R1 - 3.9k; R2 - 22k; C1 - 33nF; C2 - 1.5nF;
VD1 - KD503A (1N4148);
T1 - KT315G (ft=250 MHz, Cc = 7pF, hFEmin = 50)
The circuit diagram of the envelope detector is shown in figure 1. Its base is a common emitter amplifier, in which the bias circuit of the transistor T1 includes a silicon diode VD1. The network R2C2 creates a filter that allows the passage of low (audio) frequencies, but it blocks the higher frequencies at the output of the detector. When there is no signal, the collector voltage of the transistor is automatically set to 1.1...1.2 Volts, the voltage is equal to the forward voltage drop of the diode and base-emitter voltage drop of the transistor. The current across transistor T1 depends on power supply voltage U and the resistance of R1:
I0 = (U - 1.1) / R1.
In this case U=3V, the chosen current is about 0.5 mA, but it can be less. The base current of the transistor is less than 5..10 μA, it passes through the diode VD1, setting it on the edge of opening, on the steepest par of its current–voltage curve, that is what provides the high sensitivity of the detector. The dynamic impedance of the diode is about dozens khoms, it decreases the amplification of the stage just a little bit.

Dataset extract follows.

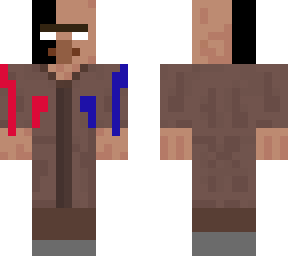 entiy villager but he can transform turn outer layer 2.os off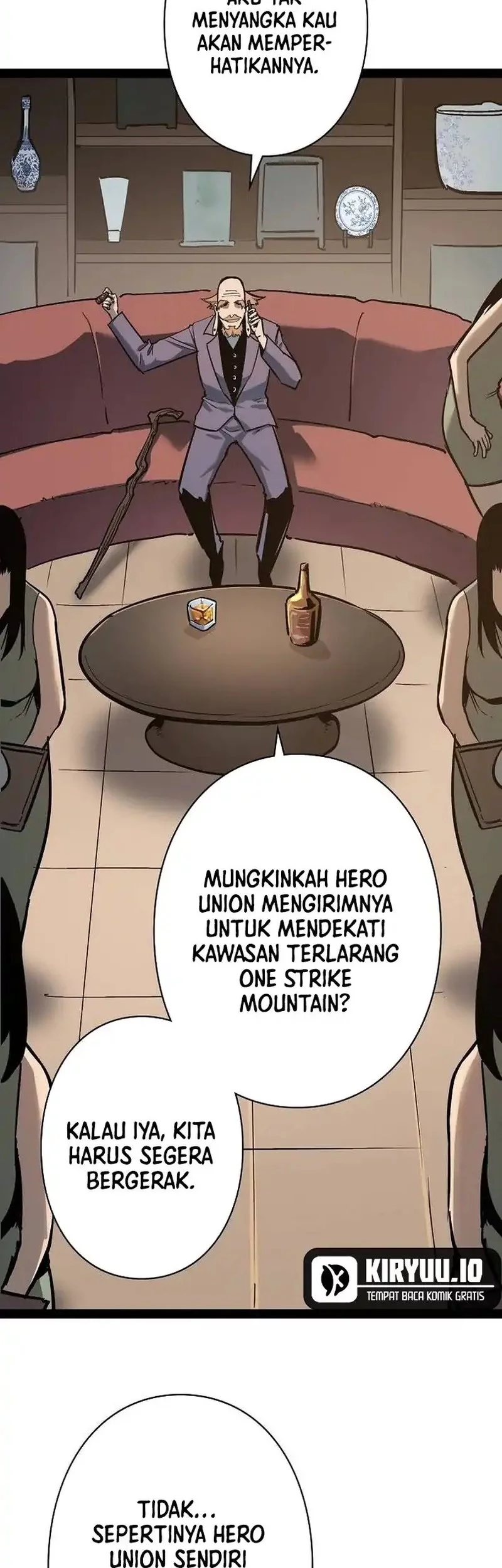 Become the Strongest Hero Through the Cheat System Chapter 80 - halaman 13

When an amplitude modulated signal is applied to the input of the envelope detector, a positive halfwave of the signal appears on the load R1, it is rectified by the diode VD1, and the left (on the diagram) plate of the capacitor C1 gets higher potential. The capacity of this capacitor must be higher than a capacity of a coupling capacitor of RF stages, it should not be discharged by the base current of the transistor for the period of the signal. With all this, the transistor opens a bit more, its average current gets higher, the average collector voltage gets lower. Maximum of positive halfwaves are just like "attached" to the 1.1 Volts level, in the same time the envelope is modulated with doubled amplitude of the audio signal. The oscillogram at the collector was published in , see Fig. 2 in that article. The average voltage, corresponded to envelope of the signal, filtered by network R2C2 and feeds to the output of the envelope detector. Its maximum amplitude is 0.5 volts, it get clipped off if the amplitude is higher.
The envelope detector provides audio output of 180 mV for the input RF signal of 3 mV (modulation index is 80%). Distortions of envelope is very weak, it's hard to see them on the oscillogram, they are getting lower with lowering modulation index. The input impedance of the detector is not very high, therefore it is better to feed the signal to the detector using an emitter follower stage. The output impedance is determined by sum of R1 and R2, so an audio amplifier must have the input impedance not less than 10...20 khoms.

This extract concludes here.